Let me give you two examples:

 

Example A.

 

When I found out where I was accepted, I went to visit the universities and colleges that were too far away for me to visit before I was the one making the decision. I am from California, born and raised in the Bay Area. My family is from back East (New York City, not New England). When I went to visit New Haven, Connecticut (where Yale is located), I naively thought that, since I saw other Black people and a few Asians, in addition to White people, that the city was integrated and “diverse”.

 

It wasn’t until I was a student that I learned how racially and ethnically tense the city was. It was the first time that I experienced that level of socioeconomic segregation and self-segregation. It was also the first time that I encountered so many different types of Caucasians at each other’s throats (Italians versus Irish versus WASP, etc.). Needless, to say, that was something I did not enjoy, but to be honest, the experience opened my eyes,  made me appreciate things and people, and shaped how I looked at our nation as a whole.

 

Example B.

 

I spent a semester at UCLA when I was researching film schools and deciding where I wanted to apply to grad school. I loved how many other middle-class students of color I saw and made a lot of friends while I was on campus.
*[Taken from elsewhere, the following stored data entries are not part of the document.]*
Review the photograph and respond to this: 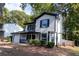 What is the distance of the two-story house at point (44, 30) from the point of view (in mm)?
3639

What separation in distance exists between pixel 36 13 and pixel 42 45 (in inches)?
19.6

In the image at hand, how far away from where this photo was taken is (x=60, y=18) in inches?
144

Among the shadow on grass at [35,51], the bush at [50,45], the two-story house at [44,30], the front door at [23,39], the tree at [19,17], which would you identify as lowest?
the shadow on grass at [35,51]

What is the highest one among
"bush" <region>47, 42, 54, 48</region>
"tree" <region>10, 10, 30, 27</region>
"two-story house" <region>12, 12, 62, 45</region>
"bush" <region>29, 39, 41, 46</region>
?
"tree" <region>10, 10, 30, 27</region>

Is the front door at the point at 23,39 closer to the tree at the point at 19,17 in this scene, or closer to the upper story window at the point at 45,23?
the tree at the point at 19,17

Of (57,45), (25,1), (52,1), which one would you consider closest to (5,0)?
(25,1)

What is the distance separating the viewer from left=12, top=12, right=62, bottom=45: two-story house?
3.64 m

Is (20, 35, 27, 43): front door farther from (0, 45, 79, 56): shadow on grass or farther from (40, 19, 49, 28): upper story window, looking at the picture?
(40, 19, 49, 28): upper story window

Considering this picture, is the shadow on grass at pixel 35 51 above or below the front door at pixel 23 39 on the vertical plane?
below

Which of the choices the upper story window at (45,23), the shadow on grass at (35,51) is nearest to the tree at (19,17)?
the upper story window at (45,23)

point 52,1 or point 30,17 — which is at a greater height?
point 52,1

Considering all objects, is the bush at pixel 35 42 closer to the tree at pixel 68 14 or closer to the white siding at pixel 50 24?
the white siding at pixel 50 24

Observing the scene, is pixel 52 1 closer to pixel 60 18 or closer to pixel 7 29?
pixel 60 18

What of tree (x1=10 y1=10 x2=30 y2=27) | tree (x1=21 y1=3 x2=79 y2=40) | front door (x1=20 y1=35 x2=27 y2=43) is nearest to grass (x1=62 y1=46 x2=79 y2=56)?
Answer: tree (x1=21 y1=3 x2=79 y2=40) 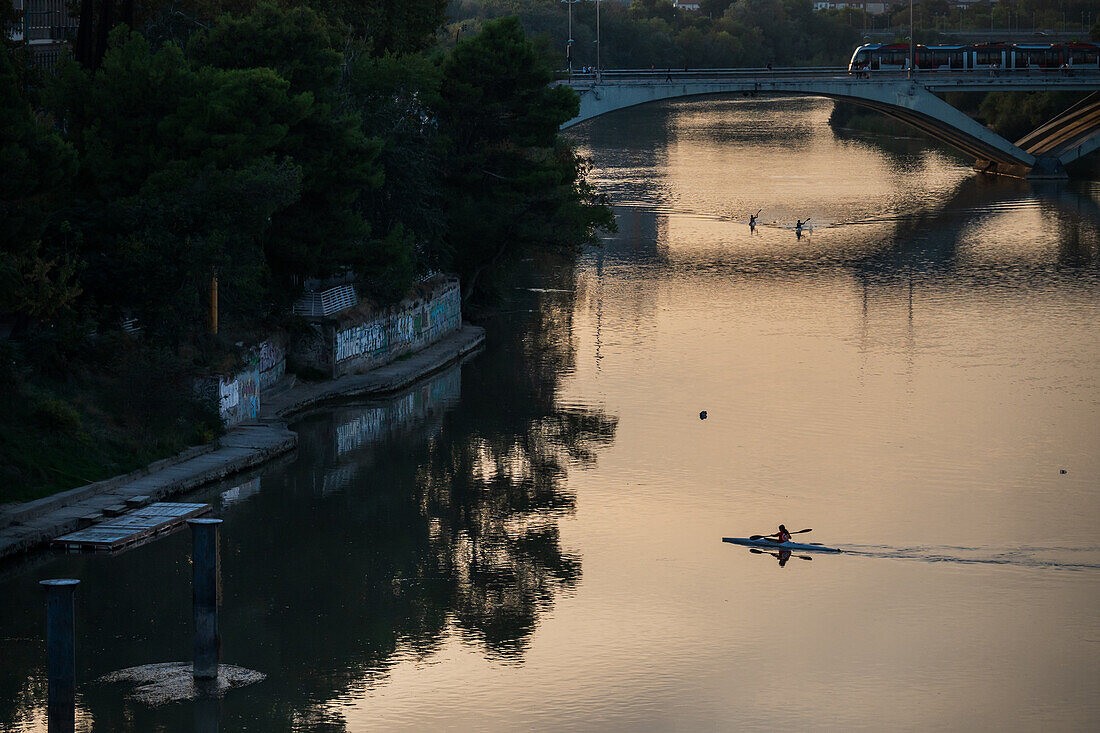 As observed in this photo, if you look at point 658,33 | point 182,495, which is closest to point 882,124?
point 658,33

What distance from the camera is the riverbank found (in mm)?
37281

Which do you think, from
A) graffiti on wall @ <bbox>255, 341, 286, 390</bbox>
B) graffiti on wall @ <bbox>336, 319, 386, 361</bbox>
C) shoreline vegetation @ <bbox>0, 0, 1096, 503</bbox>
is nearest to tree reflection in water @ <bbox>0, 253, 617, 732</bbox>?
graffiti on wall @ <bbox>255, 341, 286, 390</bbox>

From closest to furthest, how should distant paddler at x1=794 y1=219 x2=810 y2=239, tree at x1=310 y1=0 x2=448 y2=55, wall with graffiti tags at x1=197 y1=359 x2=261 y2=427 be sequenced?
wall with graffiti tags at x1=197 y1=359 x2=261 y2=427, tree at x1=310 y1=0 x2=448 y2=55, distant paddler at x1=794 y1=219 x2=810 y2=239

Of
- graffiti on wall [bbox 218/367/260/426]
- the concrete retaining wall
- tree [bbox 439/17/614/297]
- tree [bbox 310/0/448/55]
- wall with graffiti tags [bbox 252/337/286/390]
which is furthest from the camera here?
tree [bbox 310/0/448/55]

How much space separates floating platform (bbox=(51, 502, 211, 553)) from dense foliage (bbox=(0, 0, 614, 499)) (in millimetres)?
2806

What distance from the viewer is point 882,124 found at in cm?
17688

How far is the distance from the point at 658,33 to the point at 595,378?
141 metres

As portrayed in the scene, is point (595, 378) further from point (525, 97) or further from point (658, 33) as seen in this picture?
point (658, 33)

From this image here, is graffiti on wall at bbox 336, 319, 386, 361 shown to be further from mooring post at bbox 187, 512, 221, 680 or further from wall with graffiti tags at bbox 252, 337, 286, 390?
mooring post at bbox 187, 512, 221, 680

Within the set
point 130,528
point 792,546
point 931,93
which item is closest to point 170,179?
point 130,528

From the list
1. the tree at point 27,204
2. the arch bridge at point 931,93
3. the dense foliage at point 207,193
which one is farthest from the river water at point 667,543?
the arch bridge at point 931,93

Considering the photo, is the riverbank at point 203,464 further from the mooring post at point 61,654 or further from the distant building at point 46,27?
the distant building at point 46,27

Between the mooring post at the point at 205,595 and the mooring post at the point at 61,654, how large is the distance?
3161 mm

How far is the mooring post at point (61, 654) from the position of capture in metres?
25.8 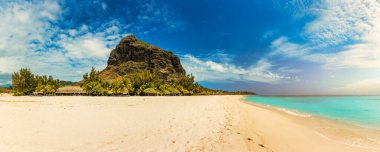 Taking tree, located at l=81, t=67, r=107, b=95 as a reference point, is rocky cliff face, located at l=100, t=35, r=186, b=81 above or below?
above

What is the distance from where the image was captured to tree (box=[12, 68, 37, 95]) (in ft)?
185

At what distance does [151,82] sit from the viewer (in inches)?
2510

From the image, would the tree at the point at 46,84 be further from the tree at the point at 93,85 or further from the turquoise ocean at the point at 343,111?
the turquoise ocean at the point at 343,111

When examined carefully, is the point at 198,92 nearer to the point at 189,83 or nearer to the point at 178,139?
the point at 189,83

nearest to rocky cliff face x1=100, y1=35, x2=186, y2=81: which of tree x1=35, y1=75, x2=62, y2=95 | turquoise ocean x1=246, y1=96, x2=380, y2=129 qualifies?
tree x1=35, y1=75, x2=62, y2=95

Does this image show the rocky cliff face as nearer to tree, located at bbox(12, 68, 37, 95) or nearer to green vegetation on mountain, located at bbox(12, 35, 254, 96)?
green vegetation on mountain, located at bbox(12, 35, 254, 96)

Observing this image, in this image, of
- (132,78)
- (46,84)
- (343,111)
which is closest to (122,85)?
(132,78)

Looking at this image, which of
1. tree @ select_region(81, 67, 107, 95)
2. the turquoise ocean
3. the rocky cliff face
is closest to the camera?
the turquoise ocean

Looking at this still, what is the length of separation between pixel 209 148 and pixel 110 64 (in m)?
177

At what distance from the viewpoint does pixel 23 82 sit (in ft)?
188

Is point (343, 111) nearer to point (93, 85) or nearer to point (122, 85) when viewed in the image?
point (122, 85)

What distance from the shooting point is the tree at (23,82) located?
56.5 meters

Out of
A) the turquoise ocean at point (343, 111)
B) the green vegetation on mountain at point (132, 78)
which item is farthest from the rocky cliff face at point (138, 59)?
the turquoise ocean at point (343, 111)

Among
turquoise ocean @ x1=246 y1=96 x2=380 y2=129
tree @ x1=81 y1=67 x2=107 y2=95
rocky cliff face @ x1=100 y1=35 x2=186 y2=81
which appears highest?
rocky cliff face @ x1=100 y1=35 x2=186 y2=81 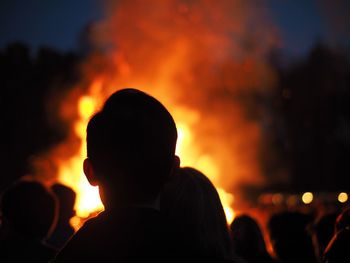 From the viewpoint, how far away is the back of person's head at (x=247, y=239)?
431 centimetres

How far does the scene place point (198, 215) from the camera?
221 centimetres

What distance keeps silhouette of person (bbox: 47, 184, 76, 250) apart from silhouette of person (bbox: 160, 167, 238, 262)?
11.1 ft

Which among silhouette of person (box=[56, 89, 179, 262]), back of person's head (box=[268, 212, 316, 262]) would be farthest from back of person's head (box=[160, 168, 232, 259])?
back of person's head (box=[268, 212, 316, 262])

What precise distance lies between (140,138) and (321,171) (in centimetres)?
4347

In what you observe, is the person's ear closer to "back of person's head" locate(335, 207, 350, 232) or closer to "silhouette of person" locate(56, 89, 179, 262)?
"silhouette of person" locate(56, 89, 179, 262)

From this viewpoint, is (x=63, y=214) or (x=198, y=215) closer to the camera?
(x=198, y=215)

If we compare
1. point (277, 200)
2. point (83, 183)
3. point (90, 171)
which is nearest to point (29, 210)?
point (90, 171)

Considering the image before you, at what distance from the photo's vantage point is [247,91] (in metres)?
36.7

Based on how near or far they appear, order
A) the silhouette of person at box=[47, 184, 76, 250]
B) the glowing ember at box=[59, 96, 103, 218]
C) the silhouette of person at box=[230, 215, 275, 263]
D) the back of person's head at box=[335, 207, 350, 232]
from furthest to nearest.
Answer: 1. the glowing ember at box=[59, 96, 103, 218]
2. the silhouette of person at box=[47, 184, 76, 250]
3. the silhouette of person at box=[230, 215, 275, 263]
4. the back of person's head at box=[335, 207, 350, 232]

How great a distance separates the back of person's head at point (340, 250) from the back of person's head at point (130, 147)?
1.67m

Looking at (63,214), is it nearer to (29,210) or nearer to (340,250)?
(29,210)

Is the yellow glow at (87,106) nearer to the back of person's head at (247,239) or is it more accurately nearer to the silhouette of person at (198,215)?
the back of person's head at (247,239)

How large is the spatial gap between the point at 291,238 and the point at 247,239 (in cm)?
61

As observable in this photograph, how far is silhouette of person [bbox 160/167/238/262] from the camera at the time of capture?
2.19 meters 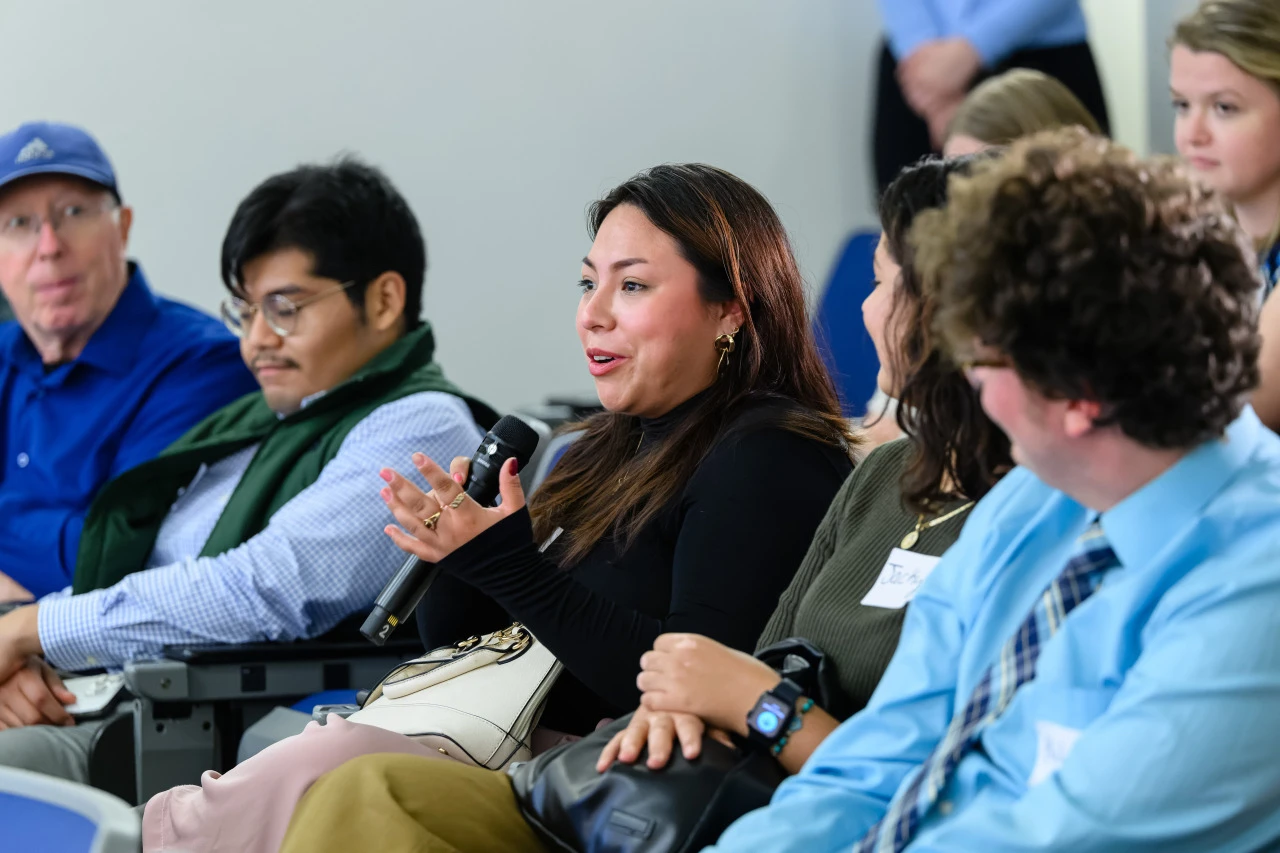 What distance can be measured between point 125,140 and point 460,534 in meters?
3.10

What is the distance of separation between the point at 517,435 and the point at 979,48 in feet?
9.97

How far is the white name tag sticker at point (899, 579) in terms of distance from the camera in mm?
1577

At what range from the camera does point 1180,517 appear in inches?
44.3

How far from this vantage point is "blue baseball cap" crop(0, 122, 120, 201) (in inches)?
123

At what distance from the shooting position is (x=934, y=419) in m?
1.52

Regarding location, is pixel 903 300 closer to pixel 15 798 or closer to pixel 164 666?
pixel 15 798

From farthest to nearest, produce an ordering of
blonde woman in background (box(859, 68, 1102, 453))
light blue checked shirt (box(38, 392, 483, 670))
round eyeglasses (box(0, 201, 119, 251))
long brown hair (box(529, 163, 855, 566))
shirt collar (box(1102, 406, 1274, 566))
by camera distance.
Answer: blonde woman in background (box(859, 68, 1102, 453)), round eyeglasses (box(0, 201, 119, 251)), light blue checked shirt (box(38, 392, 483, 670)), long brown hair (box(529, 163, 855, 566)), shirt collar (box(1102, 406, 1274, 566))

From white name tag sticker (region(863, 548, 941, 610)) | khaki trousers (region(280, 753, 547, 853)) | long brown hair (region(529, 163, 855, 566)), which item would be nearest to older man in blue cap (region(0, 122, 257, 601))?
long brown hair (region(529, 163, 855, 566))

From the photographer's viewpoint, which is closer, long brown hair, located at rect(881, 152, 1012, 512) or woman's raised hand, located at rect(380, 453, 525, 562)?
long brown hair, located at rect(881, 152, 1012, 512)

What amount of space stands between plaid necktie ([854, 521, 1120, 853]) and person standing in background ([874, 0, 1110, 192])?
339cm

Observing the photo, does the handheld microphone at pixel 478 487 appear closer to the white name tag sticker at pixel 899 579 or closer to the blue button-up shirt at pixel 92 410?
the white name tag sticker at pixel 899 579

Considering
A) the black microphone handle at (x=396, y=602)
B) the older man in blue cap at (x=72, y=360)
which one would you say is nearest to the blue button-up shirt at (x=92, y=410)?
the older man in blue cap at (x=72, y=360)

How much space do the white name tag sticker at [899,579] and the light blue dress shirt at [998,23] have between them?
3135 mm

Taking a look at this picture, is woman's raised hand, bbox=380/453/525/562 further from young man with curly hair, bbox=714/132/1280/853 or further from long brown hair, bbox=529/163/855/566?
young man with curly hair, bbox=714/132/1280/853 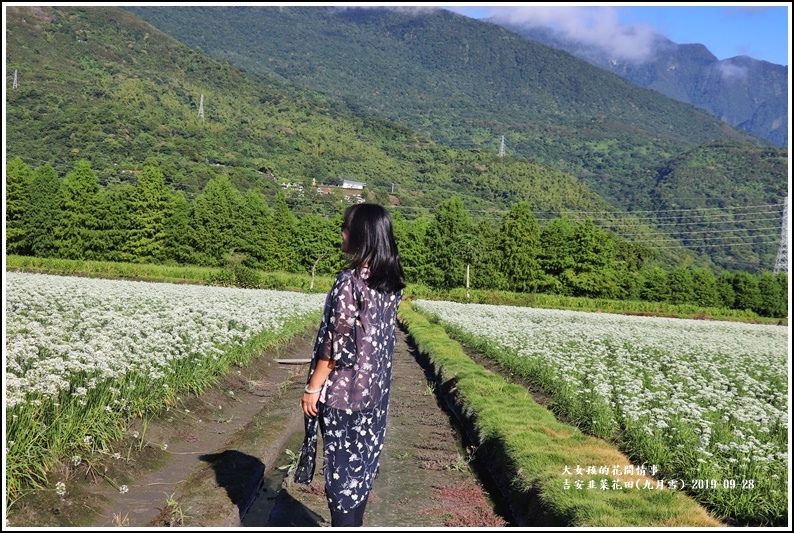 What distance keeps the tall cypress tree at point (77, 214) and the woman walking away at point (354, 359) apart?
58769 millimetres

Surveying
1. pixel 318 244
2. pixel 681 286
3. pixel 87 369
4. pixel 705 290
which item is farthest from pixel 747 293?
pixel 87 369

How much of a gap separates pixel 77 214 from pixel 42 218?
2726 mm

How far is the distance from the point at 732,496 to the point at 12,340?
7.53m

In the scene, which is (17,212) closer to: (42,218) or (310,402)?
(42,218)

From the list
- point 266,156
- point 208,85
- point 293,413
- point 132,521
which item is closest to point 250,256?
point 293,413

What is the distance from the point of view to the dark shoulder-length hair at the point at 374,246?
4.92 m

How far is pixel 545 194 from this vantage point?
14712cm

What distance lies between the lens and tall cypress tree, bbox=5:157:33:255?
56281 mm

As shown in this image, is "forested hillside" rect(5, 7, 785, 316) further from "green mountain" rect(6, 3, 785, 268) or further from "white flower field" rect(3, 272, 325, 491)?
"white flower field" rect(3, 272, 325, 491)

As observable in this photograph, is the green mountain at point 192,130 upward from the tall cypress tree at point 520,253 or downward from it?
upward

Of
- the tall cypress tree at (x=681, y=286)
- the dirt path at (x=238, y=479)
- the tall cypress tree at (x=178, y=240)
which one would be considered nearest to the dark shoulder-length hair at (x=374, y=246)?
the dirt path at (x=238, y=479)

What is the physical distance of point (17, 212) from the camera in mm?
57000

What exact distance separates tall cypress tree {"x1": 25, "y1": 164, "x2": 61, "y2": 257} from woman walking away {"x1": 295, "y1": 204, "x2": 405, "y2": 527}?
195ft

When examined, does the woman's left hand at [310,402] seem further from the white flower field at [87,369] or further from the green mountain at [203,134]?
the green mountain at [203,134] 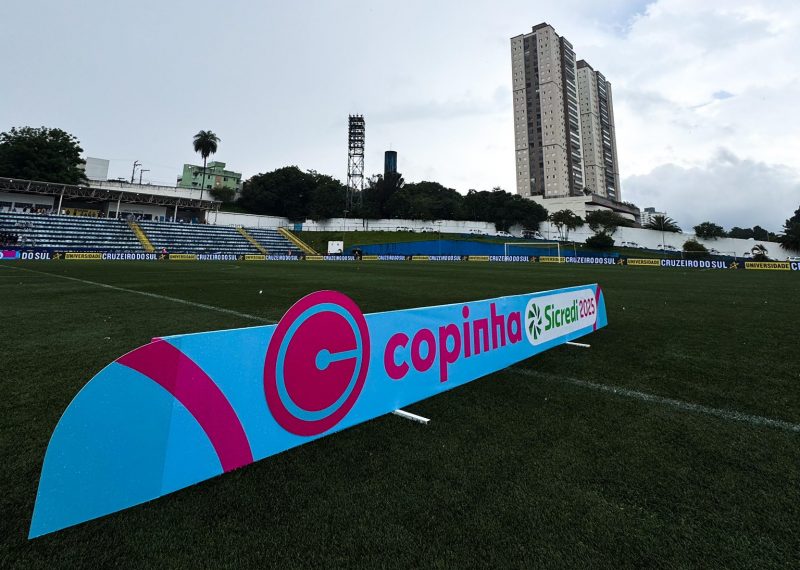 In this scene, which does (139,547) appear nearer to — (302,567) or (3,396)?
(302,567)

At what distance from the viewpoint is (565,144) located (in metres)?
105

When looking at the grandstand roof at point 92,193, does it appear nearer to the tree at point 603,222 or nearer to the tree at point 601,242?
the tree at point 601,242

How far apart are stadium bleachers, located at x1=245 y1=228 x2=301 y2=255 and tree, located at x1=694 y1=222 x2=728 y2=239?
231ft

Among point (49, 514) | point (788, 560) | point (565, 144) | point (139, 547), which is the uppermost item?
point (565, 144)

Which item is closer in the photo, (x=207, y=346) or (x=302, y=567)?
(x=302, y=567)

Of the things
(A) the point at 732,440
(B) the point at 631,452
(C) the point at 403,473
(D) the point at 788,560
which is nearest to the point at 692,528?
(D) the point at 788,560


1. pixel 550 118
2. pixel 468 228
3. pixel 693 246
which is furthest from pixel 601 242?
pixel 550 118

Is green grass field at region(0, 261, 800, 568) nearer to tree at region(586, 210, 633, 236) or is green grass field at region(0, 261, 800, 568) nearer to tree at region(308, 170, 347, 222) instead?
tree at region(308, 170, 347, 222)

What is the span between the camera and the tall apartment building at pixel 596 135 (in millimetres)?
121000

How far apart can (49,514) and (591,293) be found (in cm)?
641

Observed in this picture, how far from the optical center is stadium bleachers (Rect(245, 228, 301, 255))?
53.3 m

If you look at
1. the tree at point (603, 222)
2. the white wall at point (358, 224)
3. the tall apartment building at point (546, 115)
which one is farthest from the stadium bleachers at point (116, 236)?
the tall apartment building at point (546, 115)

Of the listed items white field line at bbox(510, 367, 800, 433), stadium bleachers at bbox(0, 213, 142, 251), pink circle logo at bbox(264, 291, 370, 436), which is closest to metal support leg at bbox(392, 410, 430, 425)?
pink circle logo at bbox(264, 291, 370, 436)

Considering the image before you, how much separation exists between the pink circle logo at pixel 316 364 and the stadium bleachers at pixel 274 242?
2033 inches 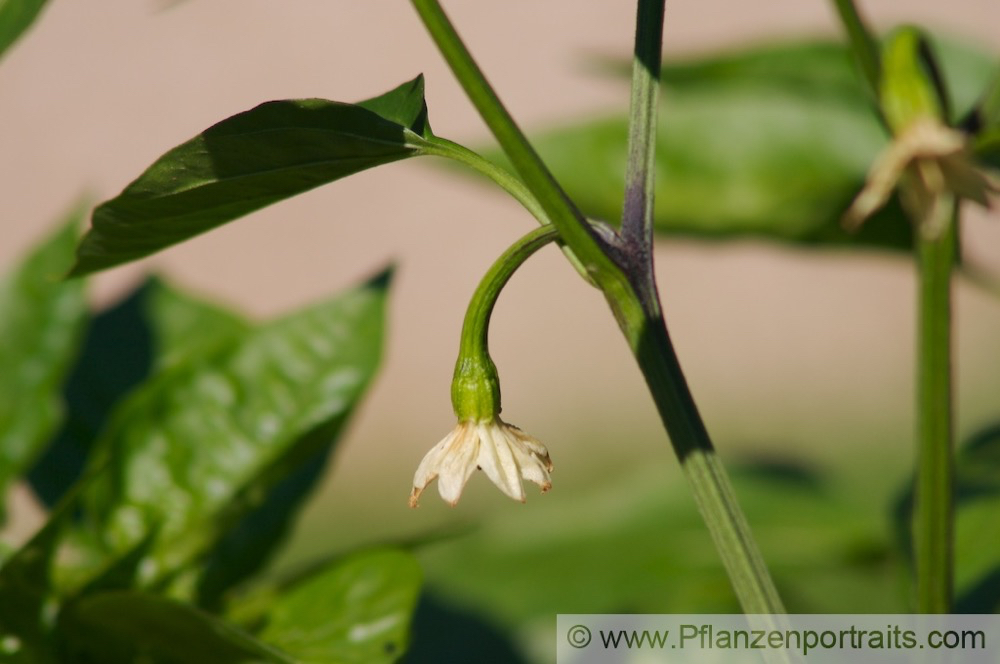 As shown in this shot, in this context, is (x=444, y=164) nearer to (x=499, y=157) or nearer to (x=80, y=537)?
(x=499, y=157)

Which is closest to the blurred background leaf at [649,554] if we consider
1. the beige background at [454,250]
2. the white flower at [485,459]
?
the white flower at [485,459]

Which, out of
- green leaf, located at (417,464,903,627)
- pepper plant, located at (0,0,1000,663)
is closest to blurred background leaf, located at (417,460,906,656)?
green leaf, located at (417,464,903,627)

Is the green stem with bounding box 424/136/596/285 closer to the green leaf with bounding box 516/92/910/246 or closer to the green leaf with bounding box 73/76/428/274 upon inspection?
the green leaf with bounding box 73/76/428/274

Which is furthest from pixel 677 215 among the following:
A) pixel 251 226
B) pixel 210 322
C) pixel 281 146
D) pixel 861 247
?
pixel 251 226

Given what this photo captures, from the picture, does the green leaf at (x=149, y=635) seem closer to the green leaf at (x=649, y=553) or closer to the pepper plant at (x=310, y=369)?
the pepper plant at (x=310, y=369)

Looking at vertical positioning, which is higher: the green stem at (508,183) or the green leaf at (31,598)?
the green stem at (508,183)

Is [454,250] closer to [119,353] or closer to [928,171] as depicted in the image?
[119,353]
One day at work (I was a waitress at the Chart House in Westwood); one of my coworkers said to me what a shock UCLA was for her and jokingly called it “University of Caucasians Lost among Asians”. I was taken back a bit by her racist joke but tried to listen to the message behind her statement.

 

Jokes aside, she was communicating that she had come from a very homogeneous background and that the diversity overwhelmed her. For the first time in her life, she was experiencing what it was like to be a minority. Her humor was insensitive and inappropriate, but her reaction was honest and genuine. (By the way, there was a lawsuit filed by Asian rights activists around that time—the 1990s—about discrimination against Asians, so I guess, it’s all relative, right?)

 

The moral of the story is that your background will likely shape your reaction to your college experience. However, for some, going someplace completely different from where you grew up will be great, especially if you hated where you grew up and currently live. This was the case for one of my good friends in college, who was from a small, one-horse town and had never watched TV (no, I am not kidding). She loved living in a mid-size city like New Haven and has ended up making New Haven her home for more than 10 years now.